Friday was the 24th of October, exactly six months since the birth of Maxwell. Every time the 24th hits I always get a little more sad, a little more aware of our painful loss. This month was particularly extra incredibly terribly sad. I cried when I woke up. I cried in the shower.I cried in the car taking my kids around town. Ugly cry. And after lunch, Lincoln and I went to visit Maxwell’s park. We took some flowers with us, and also a pumpkin covered with messages from us to Maxwell. Isabelle wrote “I miss you.” Lincoln drew a spiderweb. Still no headstone and it breaks my heart. I sat in my folding chair at the foot of his plot and cried and cried and cried while Lincoln ran around collecting acorns and spinning pinwheels.
I remember driving to the cemetery way back in April to choose a plot for Maxwell. A piece of ground. I remember gingerly lifting my post surgical body into my dads tall suburban. I was self conscious to be wearing stretchy pants in public. My incision was still fresh. We drove to a cemetery tucked away in the trees, one I didn’t know existed. Jeff Buckley’s Hallelujah played on the radio. I cried thinking about the times I had rocked my babies to sleep with the chorus of that song. We parked and got out, a kind woman opened a big map of the land and told me to select something I liked and she would see if it was reserved or not.
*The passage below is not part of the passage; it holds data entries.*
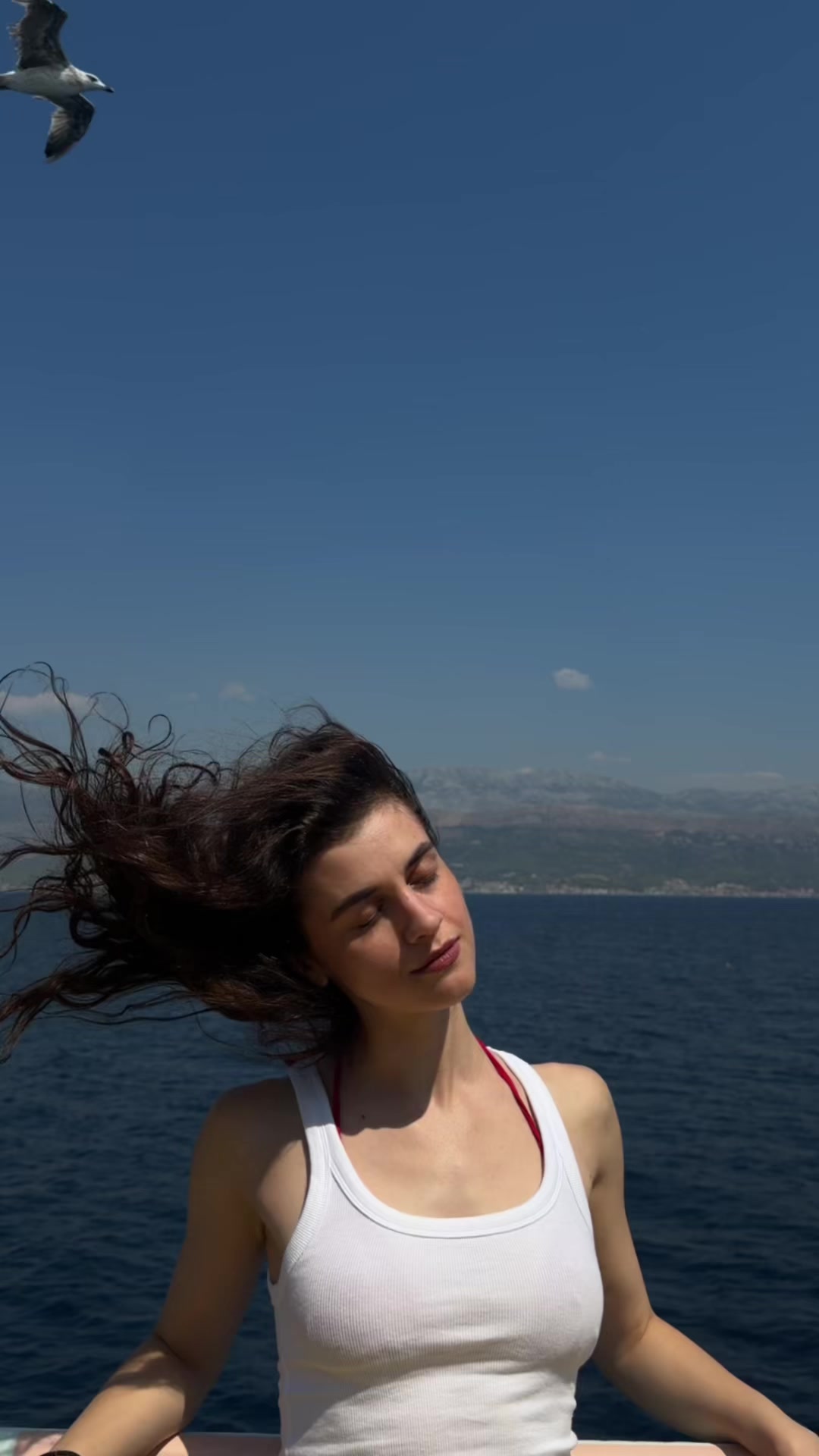 @tellynata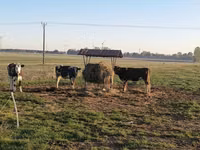 İnək, Russian Black pied cattle — foto 1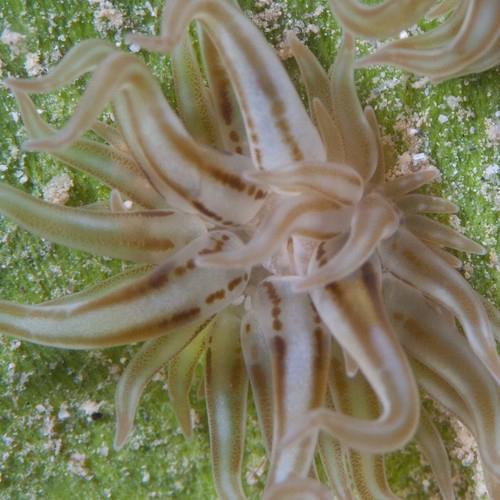 Swimming anemone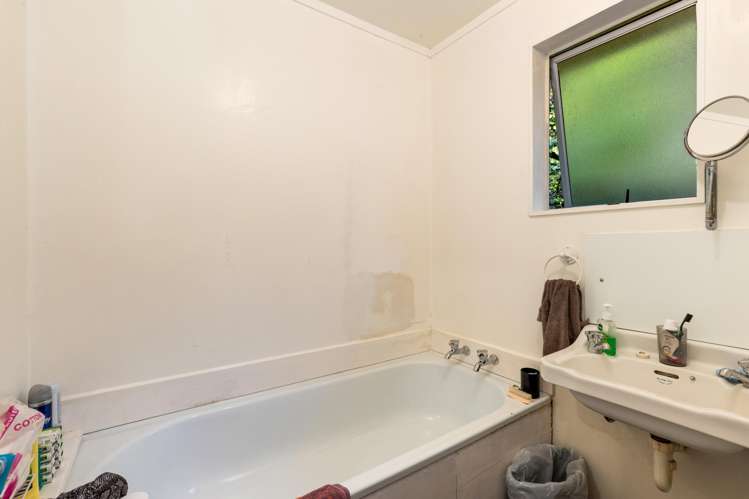 12 Mount Pleasant Road Aro Valley_9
I didn’t know what to choose. What makes a good piece of ground. What is beneficial when being buried. We ended up choosing a spot for Max up high on the hill, under a big oak tree. Quiet, secluded, with wind chimes. The woman hugged me and told me to drink lots of water. I’m still not sure what she meant, but she was nice.
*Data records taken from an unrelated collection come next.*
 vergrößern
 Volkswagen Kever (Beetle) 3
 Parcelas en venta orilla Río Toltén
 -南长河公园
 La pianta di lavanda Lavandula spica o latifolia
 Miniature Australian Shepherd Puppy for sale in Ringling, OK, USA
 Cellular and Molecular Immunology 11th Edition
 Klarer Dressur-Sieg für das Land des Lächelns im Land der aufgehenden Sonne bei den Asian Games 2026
When we had his service his little casket was so small. It seemed too small. You shouldn’t ever have to bury someone that small, it is just too sad.
On Friday I remembered all the people that were there with us, and the songs that were sung, the lullaby that Sean played from texas. I remembered that Margo wanted to sit on my lap. I remembered the visits to his park over the last six months, the seasons that have changed, the leaves that have fallen. I looked around at that little place, my own sacred grove, for my son’s body lies in rest there. I always feel a sense of reverence.
On a scale from 1-hard, Friday was HARD. It was sad. I cried kind of a lot. Linc asked “aww you miss bayee max?” and when I said yes he said, “I miss disneyland.” Me too buddy, me too. The kids had a fall festival at Isabelle’s school that night and I could barely get it together to attend. I felt like a non-person. I felt like a sub-par mother. But we went.
Grief comes in waves- big rolling thunderous waves. Just when I think I am in a good place, a day like Friday comes and it feels so fresh and stingy that all I can do is go through the motions until the wave passes and I feel more like myself again. It makes me tired.
How has it been six months since I held my baby!